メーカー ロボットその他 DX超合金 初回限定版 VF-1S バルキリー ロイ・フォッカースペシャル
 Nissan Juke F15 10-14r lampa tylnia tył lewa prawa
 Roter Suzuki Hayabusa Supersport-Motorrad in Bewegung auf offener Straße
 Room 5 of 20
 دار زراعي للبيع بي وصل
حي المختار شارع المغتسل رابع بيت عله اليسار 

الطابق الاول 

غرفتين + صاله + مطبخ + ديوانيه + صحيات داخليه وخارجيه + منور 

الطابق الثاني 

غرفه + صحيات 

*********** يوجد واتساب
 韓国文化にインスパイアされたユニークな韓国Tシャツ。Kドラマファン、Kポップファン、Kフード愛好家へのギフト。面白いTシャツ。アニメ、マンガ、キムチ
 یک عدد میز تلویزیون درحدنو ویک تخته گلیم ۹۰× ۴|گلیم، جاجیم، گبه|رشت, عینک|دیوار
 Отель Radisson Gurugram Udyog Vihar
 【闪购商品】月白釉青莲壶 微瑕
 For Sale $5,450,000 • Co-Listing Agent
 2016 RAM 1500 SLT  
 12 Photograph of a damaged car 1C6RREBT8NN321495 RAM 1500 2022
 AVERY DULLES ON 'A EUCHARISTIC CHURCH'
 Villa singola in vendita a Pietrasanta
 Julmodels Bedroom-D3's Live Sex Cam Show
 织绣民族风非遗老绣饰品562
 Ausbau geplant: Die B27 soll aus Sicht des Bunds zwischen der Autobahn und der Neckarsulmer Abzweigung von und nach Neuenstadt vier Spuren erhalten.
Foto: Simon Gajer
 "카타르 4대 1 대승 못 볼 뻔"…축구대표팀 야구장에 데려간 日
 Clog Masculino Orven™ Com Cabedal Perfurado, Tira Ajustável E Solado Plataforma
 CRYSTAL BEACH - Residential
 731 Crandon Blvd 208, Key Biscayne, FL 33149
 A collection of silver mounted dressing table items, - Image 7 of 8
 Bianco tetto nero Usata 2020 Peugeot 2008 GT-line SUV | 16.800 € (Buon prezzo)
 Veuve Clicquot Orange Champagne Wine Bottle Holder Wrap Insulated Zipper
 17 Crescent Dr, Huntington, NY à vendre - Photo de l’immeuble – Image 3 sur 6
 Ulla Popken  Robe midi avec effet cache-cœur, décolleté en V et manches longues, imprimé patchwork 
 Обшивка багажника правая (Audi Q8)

+++++

[TASK] An exact copy of the lines from the one with "Veuve Clicquot Orange" through the final line of the entries is the whole answer.

[FINISHED TASK]
 Veuve Clicquot Orange Champagne Wine Bottle Holder Wrap Insulated Zipper
 17 Crescent Dr, Huntington, NY à vendre - Photo de l’immeuble – Image 3 sur 6
 Ulla Popken  Robe midi avec effet cache-cœur, décolleté en V et manches longues, imprimé patchwork 
 Обшивка багажника правая (Audi Q8)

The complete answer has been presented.